NEW YORK, SEPT. 5 -- Zina Garrison had a bad ankle, Jana Novotna had a bad day and today's two U.S. Open women's quarterfinals were disappointingly one-sided. Top-seeded Steffi Graf trailed briefly in the first set before she flattened 12th-seeded Novotna, 6-3, 6-1. No. 6 Arantxa Sanchez Vicario of Spain took advantage of fourth-seeded Garrison's injury for a 6-2, 6-2 victory at the National Tennis Center.
Garrison was rendered lame and cautious by an aggravated Achilles' tendon and considered withdrawing during the first set. After undergoing intensive treatment Tuesday, she took the court this afternoon in the hope that 18-year-old former French Open champion Sanchez Vicario would somehow hand her their match.
But she was unrelenting, moving Garrison painfully around the court and bringing her to tears. Garrison hobbled to 35 unforced errors, and wept on the changeover after her serve was broken to open the second set. Sanchez Vicario thus reached the semifinals here for the first time, and denied Garrison a rematch with Graf, whom she had so stunningly upset in the Wimbledon semifinals.

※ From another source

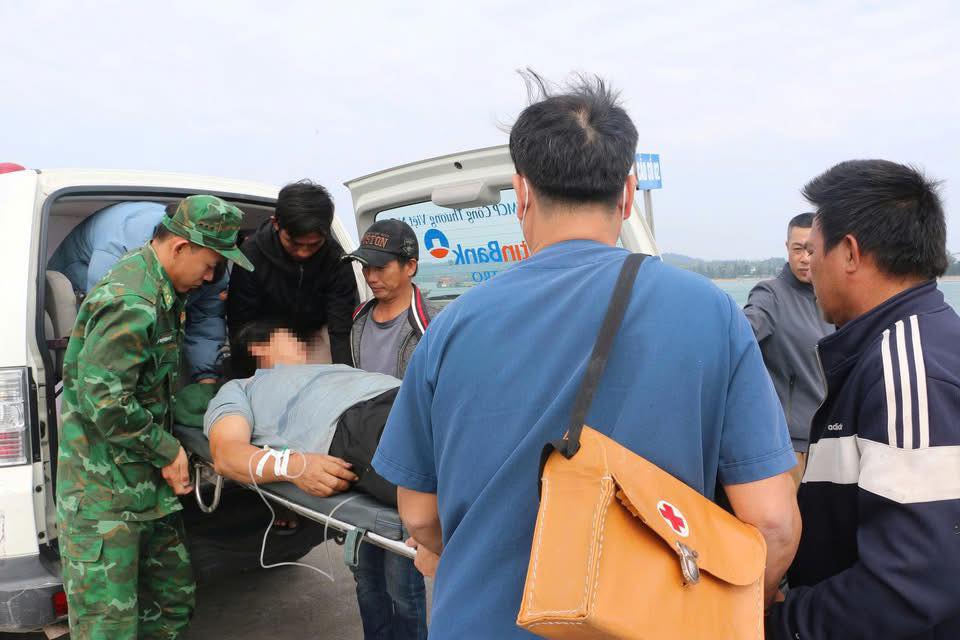 ຜ່ານຜ່າຄື້ນຟອງໃຫຍ່ຢູ່ກາງທະເລ ເພື່ອຍົກຍ້າຍຄົນເຈັບເສັ້ນເລືອດຕັນໃນແຜ່ນດິນໃຫຍ່ ເພື່ອປິ່ນປົວສຸກເສີນ - ຮູບ 2. Vượt sóng lớn giữa biển chuyển bệnh nhân đột quỵ vào đất liền cấp cứu- Ảnh 2.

"I just wanted to stay out there and finish," Garrison said. "I wanted to at least make her work for the money she was getting in the next round."
Graf, the defending champion, has been disturbingly inconsistent this season, her only Grand Slam title coming at the Australian Open. She arrived here intent on reestablishing her pattern of dominance, but her match against serve-and-volleyer Novotna did not begin convincingly. She trailed by 0-2 in the first and was in grave danger of 0-3, facing a break point.
That, however, was the last time Novotna made the slightest impression on the West German, who promptly delivered a service winner. Graf swept the next four games, including the first two at love. She made just one unforced error in the second set, and broke Novotna six times in eight service games. With that easy passage into the semifinals, in which she will meet Sanchez Vicario, she is poised for her third straight U.S. Open title.
"I'm in the perfect position," Graf said.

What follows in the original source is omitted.